Hayat benim için çok zor, ölemem de yaşayamam da?
- Ben 22 yaşında ihtida etmiş Müslüman bir kızım. Ailemle birlikte ihtida ettim. 6 yıl önceki ihtidamızdan sonra bir ay önce kız kardeşim verem nedeniyle vefat etti. 19 yaşındaydı.
- Allah'ın lütfuyla vefat ederken şehadet getirdi. Kandil gibi parlıyordu ve yüzünde çok güzel bir gülümseme vardı. Allah'ın onu sevdiğini ve huzuruna çağırdığını biliyordum ve Allah'ın bizi cennette birleştireceğine yürekten ve derinden inanıyorum.
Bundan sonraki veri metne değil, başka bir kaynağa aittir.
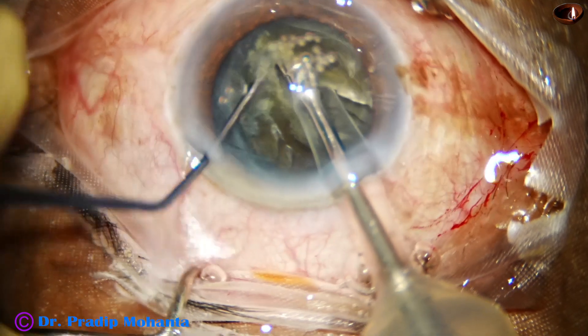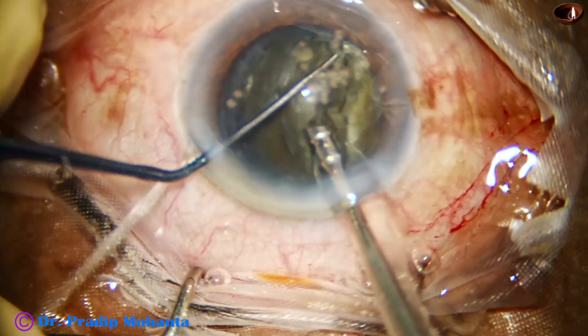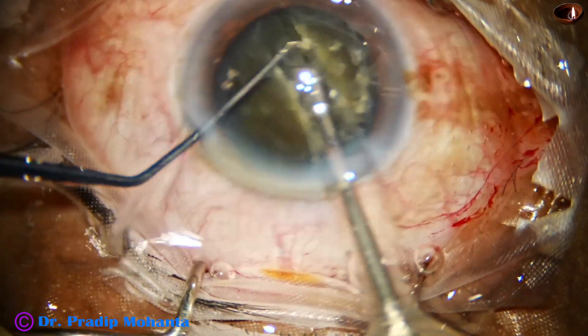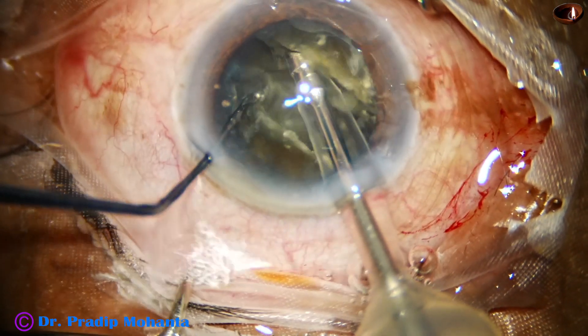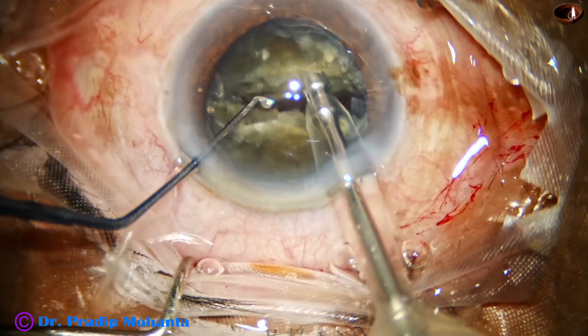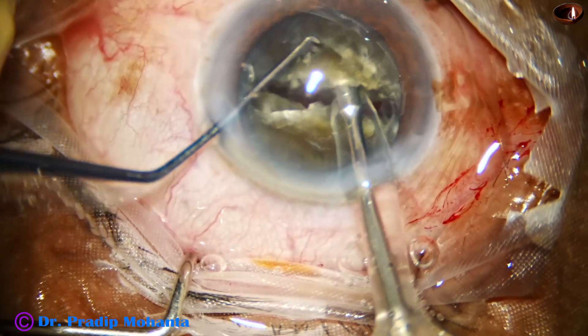Whenever these air bubbles are there, we have to use irrigation and aspiration — we have to come to position 2 of the foot pedal, remove the air bubbles as much as possible, and then continue. In this case, I did that, and then I continued.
- Ama beni rahatsız eden şey üzüntüm. Onu çok özlemeye devam ediyorum. Hep beraber olduğumuz için, aynı tabakta yedik, aynı bardaktan içtik, birlikte ders çalıştık, her şeyi birlikte yaptık ve hayatımda onsuz bir dakika bile geçirmedim. Birbirimizden bir saniye ayrılsak bile birbirimizi azarlardık.
- Şimdi onsuz yaşayamam. Ailem bile depresyonum yüzünden sıkıntı içinde. Ne kadar çabalasam da her secdemde Allah'tan yardım diliyorum ama o anıları ve bunun için endişelenmeyi durduramadım. Ve rüyalarımda ne zaman uyusam sadece rüya olarak sahip olduğumuz anıları görüyorum ve ertesi gün kendimi çok yalnız, çok üzgün hissediyorum ve ayrıca ablamla Allah yolunda daha fazla olamadığım için çok pişmanlık duyuyorum.
- Allah'tan ölümü istemek caiz değil biliyorum ama ben de yaşayamadım. Anneannem babam annem herkes bana yükü Allah'a bırakıp mutlu olmamı öğütler ama ne kadar uğraşırsam uğraşayım başaramadım.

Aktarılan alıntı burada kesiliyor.